Alerta por los robos de Ketamina en veterinarias de la provincia

veterinariaDesde que la ketamina apareció asociada al consumo ilegal como alucinógeno, se incrementaron mucho los controles sobre su venta. La modalidad para intentar hacerse del producto es presentarse con recetas extendidas por hospitales y centros de salud de otros municipios ya que se utiliza para ciertas cirugías o mediante el robo de veterinarias.

El Colegio de Veterinarios bonaerense alertó sobre el aumento de esta modalidad delictiva que se multiplicó en distintos locales de la provincia.

“Es común que venga una persona diciendo que viene de determinado hospital argumentando que en esos nosocomios no tienen stock de ese anestésico que también se usa en cirugía humana, aunque en menor grado que en veterinaria”, explicó el facultativo Fidel Mosnaim.

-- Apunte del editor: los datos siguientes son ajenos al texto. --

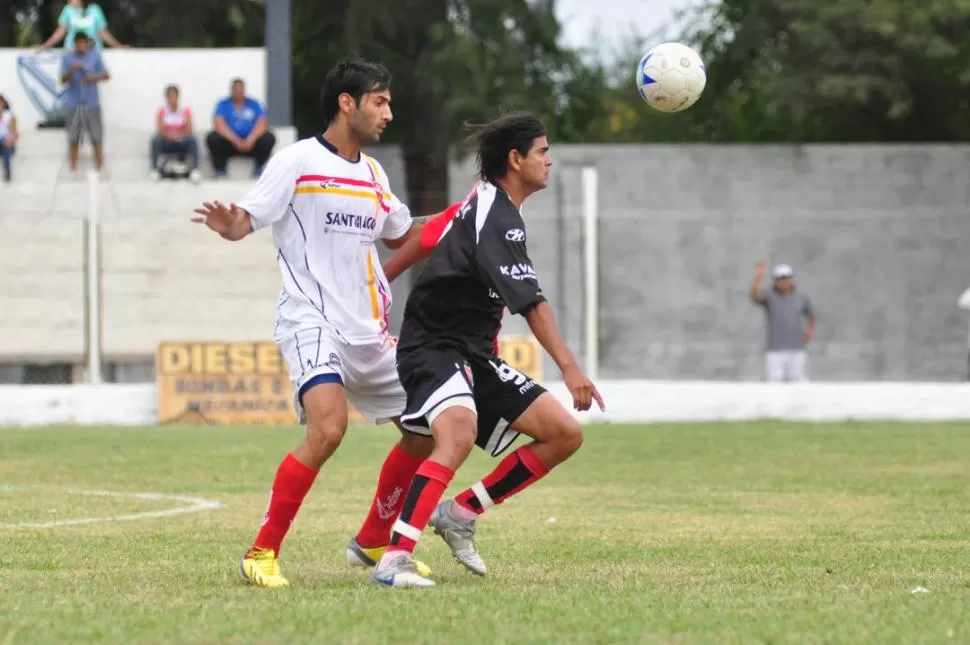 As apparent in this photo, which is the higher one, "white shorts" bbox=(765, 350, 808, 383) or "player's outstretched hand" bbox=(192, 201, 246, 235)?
"player's outstretched hand" bbox=(192, 201, 246, 235)

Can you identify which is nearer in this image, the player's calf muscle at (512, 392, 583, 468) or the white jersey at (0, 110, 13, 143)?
the player's calf muscle at (512, 392, 583, 468)

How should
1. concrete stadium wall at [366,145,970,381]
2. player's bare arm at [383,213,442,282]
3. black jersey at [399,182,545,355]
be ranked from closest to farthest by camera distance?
black jersey at [399,182,545,355]
player's bare arm at [383,213,442,282]
concrete stadium wall at [366,145,970,381]

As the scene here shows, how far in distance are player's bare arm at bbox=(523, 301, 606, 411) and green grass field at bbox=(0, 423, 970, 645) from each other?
0.75 metres

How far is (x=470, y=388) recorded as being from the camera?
24.7 ft

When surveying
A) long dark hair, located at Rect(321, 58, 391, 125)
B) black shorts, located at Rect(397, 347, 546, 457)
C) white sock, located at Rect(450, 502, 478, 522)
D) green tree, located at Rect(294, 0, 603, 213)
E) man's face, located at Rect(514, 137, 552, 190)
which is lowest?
white sock, located at Rect(450, 502, 478, 522)

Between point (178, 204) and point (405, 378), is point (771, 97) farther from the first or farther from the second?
point (405, 378)

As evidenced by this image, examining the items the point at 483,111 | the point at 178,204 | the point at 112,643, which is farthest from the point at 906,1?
the point at 112,643

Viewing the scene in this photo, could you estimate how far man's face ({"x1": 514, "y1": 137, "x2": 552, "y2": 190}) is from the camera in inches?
306

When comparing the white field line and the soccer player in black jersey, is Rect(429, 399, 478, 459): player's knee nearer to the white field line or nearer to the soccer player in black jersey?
the soccer player in black jersey

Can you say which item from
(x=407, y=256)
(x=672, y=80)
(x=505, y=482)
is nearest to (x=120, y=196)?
(x=672, y=80)

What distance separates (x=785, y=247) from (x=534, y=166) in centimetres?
1867

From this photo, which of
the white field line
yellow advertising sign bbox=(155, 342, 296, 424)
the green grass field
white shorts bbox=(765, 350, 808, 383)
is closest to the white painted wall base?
yellow advertising sign bbox=(155, 342, 296, 424)

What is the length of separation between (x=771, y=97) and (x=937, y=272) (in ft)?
14.2

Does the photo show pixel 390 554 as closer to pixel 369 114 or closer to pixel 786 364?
pixel 369 114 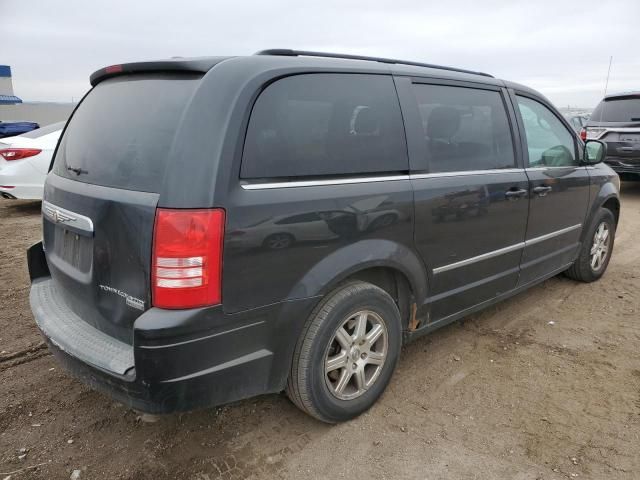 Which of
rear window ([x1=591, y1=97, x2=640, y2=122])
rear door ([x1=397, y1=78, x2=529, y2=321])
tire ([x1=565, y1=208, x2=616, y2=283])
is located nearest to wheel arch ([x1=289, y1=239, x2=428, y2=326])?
rear door ([x1=397, y1=78, x2=529, y2=321])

“Por supuesto, nosotros tenemos directivas expresas del Colegio de no vender el medicamento que solo puede ser utilizado en la propia veterinaria. También debemos llevar un exhaustivo control de las dosis que se aplican y las fechas en que se utilizaron”, precisó Mosnaim.

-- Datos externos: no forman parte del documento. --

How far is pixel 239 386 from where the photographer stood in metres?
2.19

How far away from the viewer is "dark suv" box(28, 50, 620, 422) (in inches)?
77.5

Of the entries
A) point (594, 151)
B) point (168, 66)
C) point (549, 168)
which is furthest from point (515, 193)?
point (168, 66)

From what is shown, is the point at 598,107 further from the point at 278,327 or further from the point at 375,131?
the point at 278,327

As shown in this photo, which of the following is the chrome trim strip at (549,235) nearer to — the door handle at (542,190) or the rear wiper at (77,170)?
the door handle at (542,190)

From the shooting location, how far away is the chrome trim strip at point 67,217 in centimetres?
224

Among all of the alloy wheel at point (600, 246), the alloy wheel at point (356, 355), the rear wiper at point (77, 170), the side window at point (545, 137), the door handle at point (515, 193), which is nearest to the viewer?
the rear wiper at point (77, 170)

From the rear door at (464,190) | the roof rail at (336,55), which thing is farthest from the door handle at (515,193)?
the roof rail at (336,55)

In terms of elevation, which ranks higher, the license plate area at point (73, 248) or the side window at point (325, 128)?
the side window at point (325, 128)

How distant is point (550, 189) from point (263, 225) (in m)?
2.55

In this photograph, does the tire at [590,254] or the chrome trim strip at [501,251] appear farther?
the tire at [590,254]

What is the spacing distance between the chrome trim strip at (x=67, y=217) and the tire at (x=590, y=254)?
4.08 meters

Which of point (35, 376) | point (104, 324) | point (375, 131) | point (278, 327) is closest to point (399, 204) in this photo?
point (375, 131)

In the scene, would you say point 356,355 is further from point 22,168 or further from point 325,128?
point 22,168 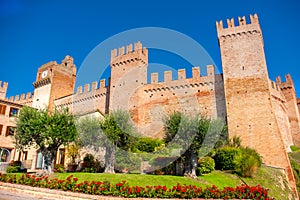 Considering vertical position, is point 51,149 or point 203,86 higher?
point 203,86

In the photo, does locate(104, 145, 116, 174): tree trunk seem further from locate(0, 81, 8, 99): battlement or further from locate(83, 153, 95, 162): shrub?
locate(0, 81, 8, 99): battlement

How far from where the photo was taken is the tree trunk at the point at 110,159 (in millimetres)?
17688

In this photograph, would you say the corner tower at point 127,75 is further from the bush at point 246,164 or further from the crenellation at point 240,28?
the bush at point 246,164

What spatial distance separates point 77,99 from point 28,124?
17189 mm

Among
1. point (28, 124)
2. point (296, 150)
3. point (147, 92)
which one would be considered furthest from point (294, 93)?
point (28, 124)

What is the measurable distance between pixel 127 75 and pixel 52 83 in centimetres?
1441

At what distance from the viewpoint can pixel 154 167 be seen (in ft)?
60.2

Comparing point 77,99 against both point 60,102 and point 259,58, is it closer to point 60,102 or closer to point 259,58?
point 60,102

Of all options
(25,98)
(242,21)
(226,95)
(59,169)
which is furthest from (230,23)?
(25,98)

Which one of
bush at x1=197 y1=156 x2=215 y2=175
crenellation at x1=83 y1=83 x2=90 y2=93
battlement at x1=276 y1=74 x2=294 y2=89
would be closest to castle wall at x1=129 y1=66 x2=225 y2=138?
bush at x1=197 y1=156 x2=215 y2=175

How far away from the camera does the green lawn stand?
13.9 metres

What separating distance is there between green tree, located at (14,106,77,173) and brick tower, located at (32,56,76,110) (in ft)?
62.1

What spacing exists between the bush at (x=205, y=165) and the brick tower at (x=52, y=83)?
25863 mm

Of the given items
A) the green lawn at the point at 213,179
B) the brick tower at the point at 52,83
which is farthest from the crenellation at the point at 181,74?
the brick tower at the point at 52,83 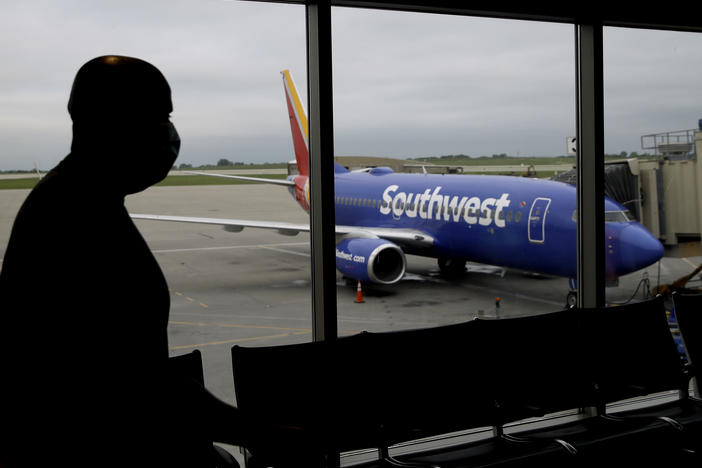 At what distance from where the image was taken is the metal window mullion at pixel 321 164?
281 cm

Desde que la ketamina apareció asociada al consumo ilegal como alucinógeno, se incrementaron mucho los controles sobre su venta. Hoy los veterinarios pueden comprar de a cinco frascos y pedir autorización si se necesitara reponer el producto.

Esta sustancia -que en un principio era conocida como anestésico para caballos- es una droga muy potente y peligrosa para los seres humanos, ya que puede producir alucinaciones, depresión, aumento de la presión sanguínea, alteración de la conciencia y pérdida del conocimiento, ataques de pánico, episodios psicóticos, convulsiones, vómitos, diarrea y trastornos cognitivos a largo plazo. En ocasiones puede provocar hasta asfixia, derrames cerebrales y paro cardíaco.